* **Problem to work on**:
Extract the stretch of lines that starts at the line with "Custom Bulldozer Shaped" and ends at the last line of the data below. Give it exactly, without pictures.

* **Information provided**:
════════════════════
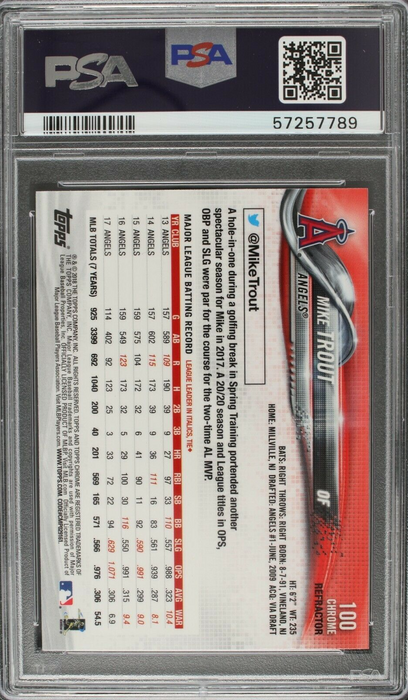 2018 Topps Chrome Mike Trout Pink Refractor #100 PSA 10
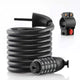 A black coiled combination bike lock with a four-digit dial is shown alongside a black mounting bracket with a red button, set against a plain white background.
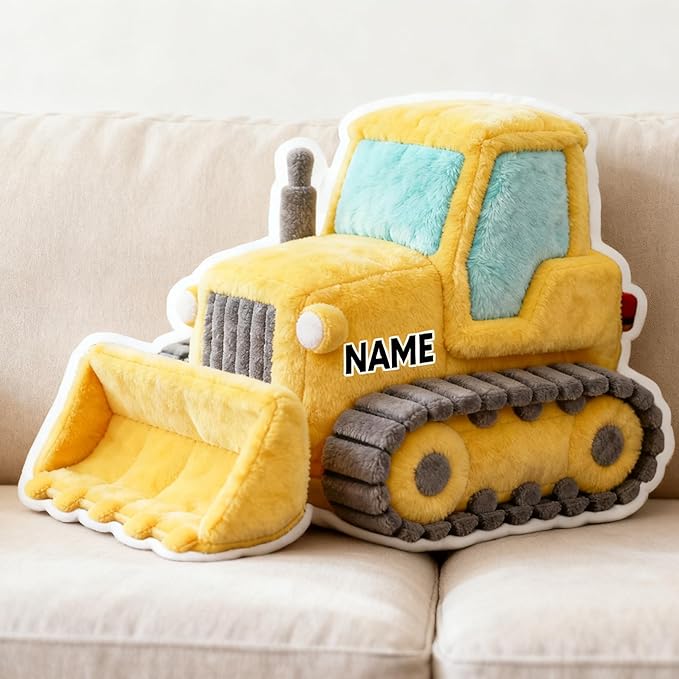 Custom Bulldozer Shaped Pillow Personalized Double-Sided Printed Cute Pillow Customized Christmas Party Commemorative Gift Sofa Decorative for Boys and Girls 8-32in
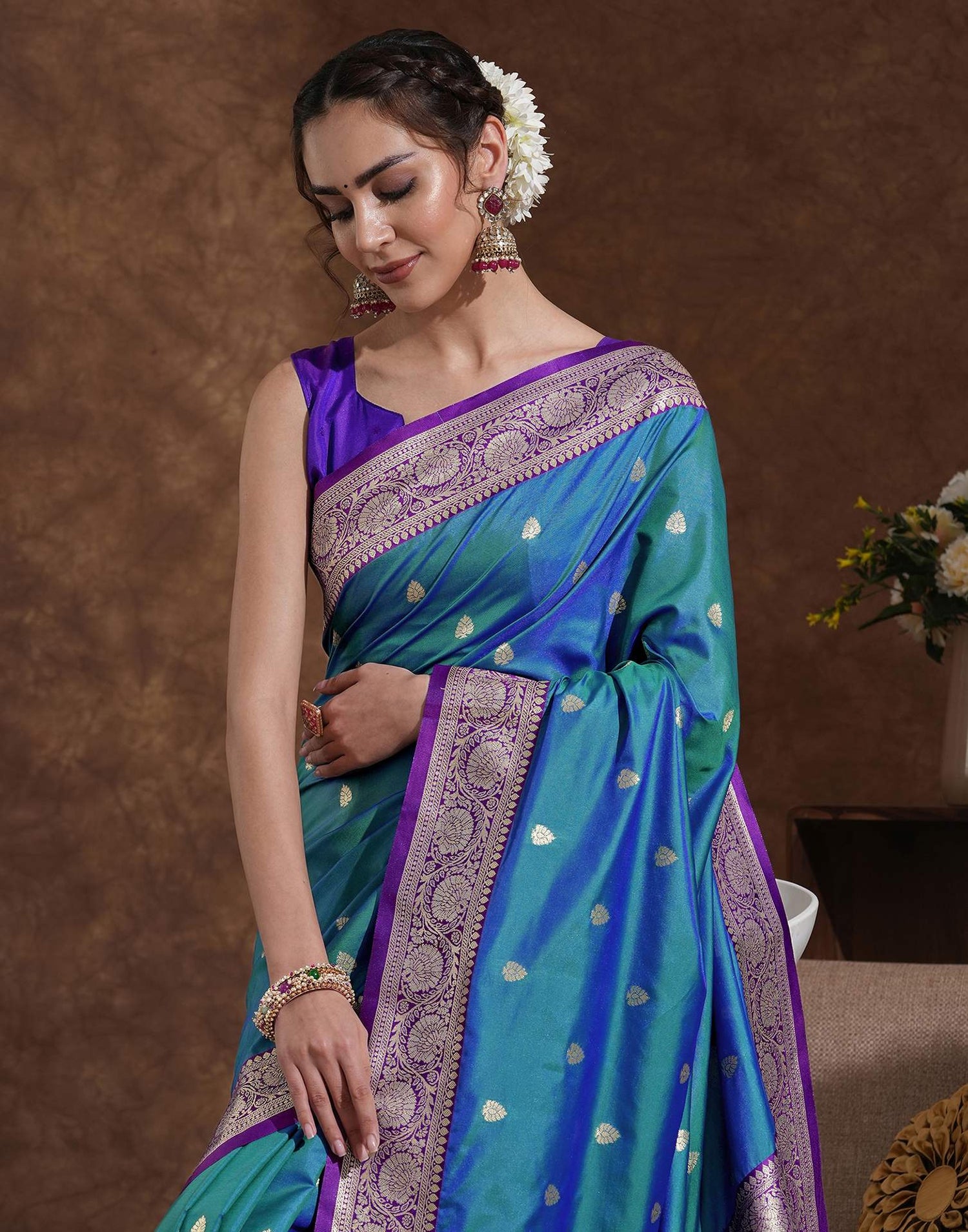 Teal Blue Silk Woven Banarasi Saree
════════════════════
* **Task response**:
 Custom Bulldozer Shaped Pillow Personalized Double-Sided Printed Cute Pillow Customized Christmas Party Commemorative Gift Sofa Decorative for Boys and Girls 8-32in
 Teal Blue Silk Woven Banarasi Saree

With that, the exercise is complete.